_Problem details_
Only the lines below starting at the one that contains "Authentic cincinnati store bengals jersey" and ending at the one that contains "ES#3040981 - RC0005KIT" are to be reproduced, exactly and with both ends kept.

_Data shown_

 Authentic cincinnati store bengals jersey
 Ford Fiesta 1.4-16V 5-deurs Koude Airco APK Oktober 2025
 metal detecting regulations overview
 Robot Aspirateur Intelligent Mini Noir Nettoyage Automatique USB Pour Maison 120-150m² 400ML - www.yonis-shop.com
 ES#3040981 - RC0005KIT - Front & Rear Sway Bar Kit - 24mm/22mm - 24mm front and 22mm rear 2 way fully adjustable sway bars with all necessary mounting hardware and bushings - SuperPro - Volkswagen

* * *

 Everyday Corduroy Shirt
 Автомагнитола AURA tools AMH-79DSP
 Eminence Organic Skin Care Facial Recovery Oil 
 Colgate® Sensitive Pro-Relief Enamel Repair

_Answer below_
 Authentic cincinnati store bengals jersey
 Ford Fiesta 1.4-16V 5-deurs Koude Airco APK Oktober 2025
 metal detecting regulations overview
 Robot Aspirateur Intelligent Mini Noir Nettoyage Automatique USB Pour Maison 120-150m² 400ML - www.yonis-shop.com
 ES#3040981 - RC0005KIT - Front & Rear Sway Bar Kit - 24mm/22mm - 24mm front and 22mm rear 2 way fully adjustable sway bars with all necessary mounting hardware and bushings - SuperPro - Volkswagen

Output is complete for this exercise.